Feelin’ it in your bones

What's happening with the weather outside affects us on the inside

Seattle residents suffer from acute rain denial. When it rains, they walk around and get wet. Oh yes, they carry umbrellas — they just refuse to open them. That would mean acknowledging that it rains in Seattle, and as any Seattlite can tell you — and will, repeatedly — it rains more in New York than it does in Seattle.

Technically, this might be true. But as someone who lived in Seattle for two years and then moved to New York, I know for a fact that New York has something Seattle doesn’t: sun.

And sun is everything.

Weather-sensitive people can be like human barometers, capable of predicting the weather by the aches in their bones or the black clouds hanging over their heads.

I grew up in Indiana, which has some of the world’s worst weather: 100 degrees and 100 percent humidity in the summer, tons of tornadoes in the spring, blizzards and sub-zero temperatures all winter long. Indianapolis residents suffer from acute snow denial: During my 25 years there, every snowfall came as a big surprise that paralyzed the city.

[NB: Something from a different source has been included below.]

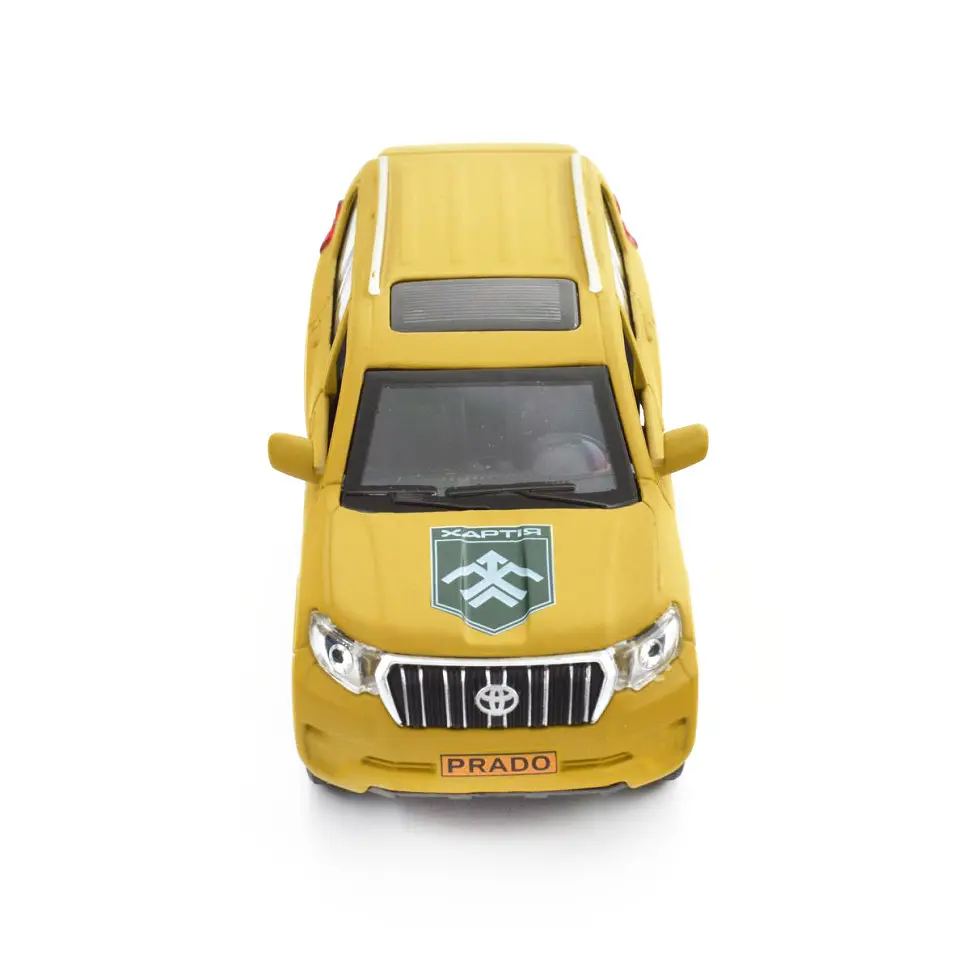 Автомодель серії "Шеврони Героїв" Toyota Prado "Хартія" TechnoDrive KM6188 - фото 3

Despite that, I never realized how weather sensitive I was until I moved to Seattle, which is as gray as it is green.

In the Emerald City, it snizzles, which is drizzle that feels like someone sneezing in your face. In the winter, the sun comes up around 10 a.m. — you know because it goes from dark gray to medium gray outside — and it’s dark again by 3:30 p.m. By February, I was ready to gnaw my arm off. Instead, I went to Mexico for two weeks.

And it’s not just the winter: One year the sun didn’t shine for the entire month of June.

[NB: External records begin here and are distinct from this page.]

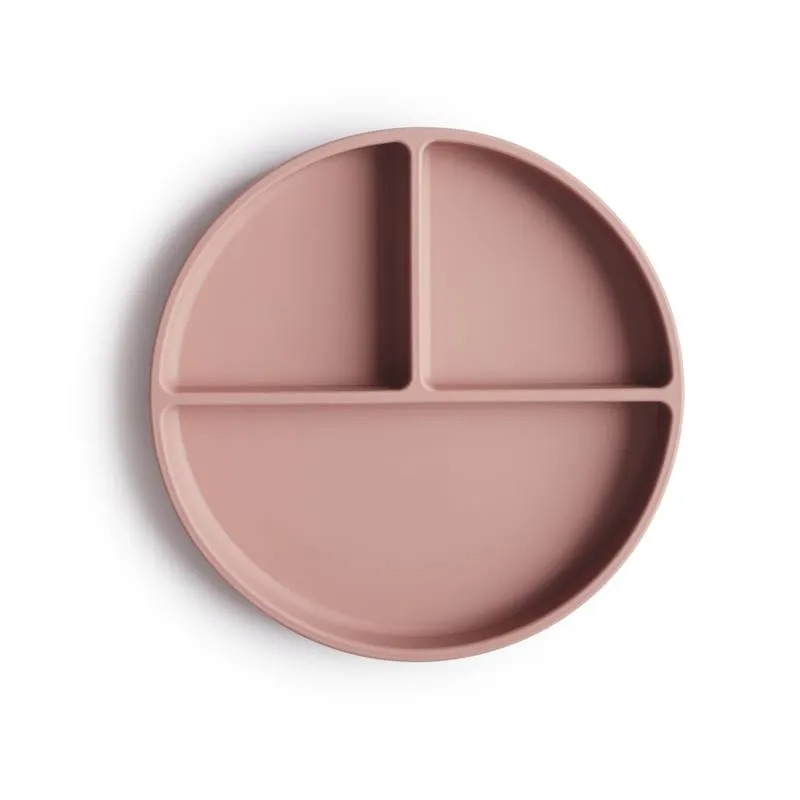 Bild 1 för Mushie Silikontallrik Blush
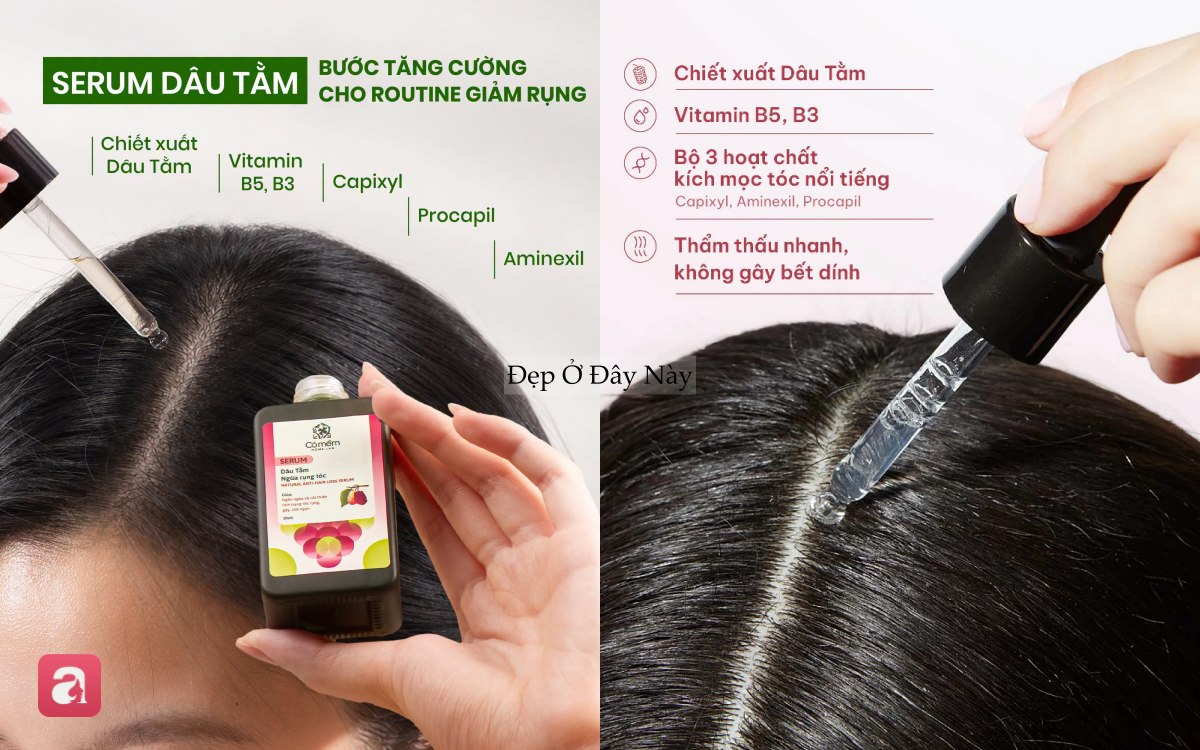 5 lọ dưỡng serum t&oacute;c 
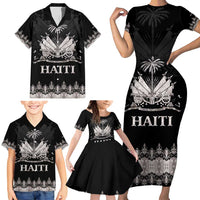 Haiti Neg Marron Silver Family Matching Short Sleeve Bodycon Dress and Hawaiian Shirt Hope is Nothing Without Action LT01 - Polynesian Pride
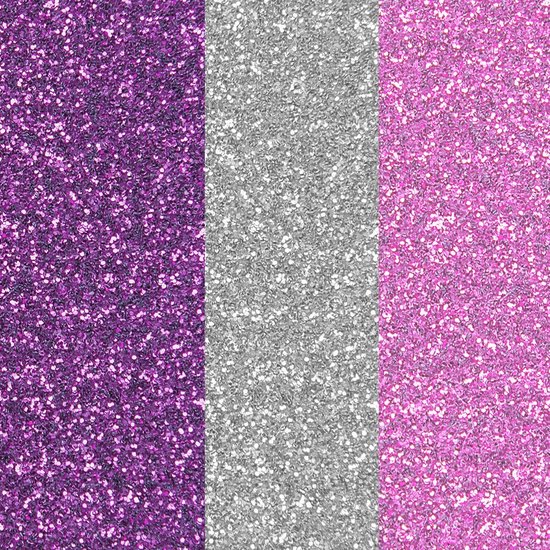 Cricut Glitter IronOn 30x30cm 3sheet Sampler (Princess)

Do I have seasonal affective disorder, appropriately known as SAD? Oh yeah. Overeating, oversleeping, cravings for mass quantities of chocolate and an intense desire to curl up in a fetal position under the bed and never come out — that was me. Me and 15 million other people.

Gray days can make for a gloomy mindset in weather-sensitive people. Drops in barometric pressure and reductions in daylight can trigger aches, pains and the blues.

A year before I experienced my own raging SAD, psychiatrist Norman Rosenthal was busy defining it. Rosenthal was the first to recognize SAD as a syndrome and treat it with light therapy.

People with SAD get sad when they’re deprived of daylight, so it kicks in as the days get shorter, peaking in January and February. It’s estimated that 6 percent of the population suffers from winter depression, and as many as 20 percent might have a milder form. Though it’s more common the farther north you go, people can suffer from SAD in even bright climes.

SAD is associated with decreased serotonin — one of those crucial feel-good brain chemicals. It’s also associated with increased production of melatonin, which makes you want to snooze.

Seasonal Affective Disorder can hit people in the winter or the summer. Although the exact causes aren’t known, winter SAD is believed to be connected to lack of light and summer SAD to hotter weather and decreased darkness.Winter symptoms: Fatigue, Oversleeping, a heavy feeling in arms and legs, carbohydrate cravings, weight gain, lethargy, depression, difficulty concentrating, avoidance of social situationsSummer symptoms: Decreased appetite, weight loss, insomnia, agitation, depression, irritability

A less common type of SAD, known as summer depression, usually begins in the late spring or early summer. Doctors speculate that the culprit is too much heat, which some people find intolerable, and too much daylight, which kicks up adrenaline production and reduces melatonin, resulting in irritability and difficulty sleeping.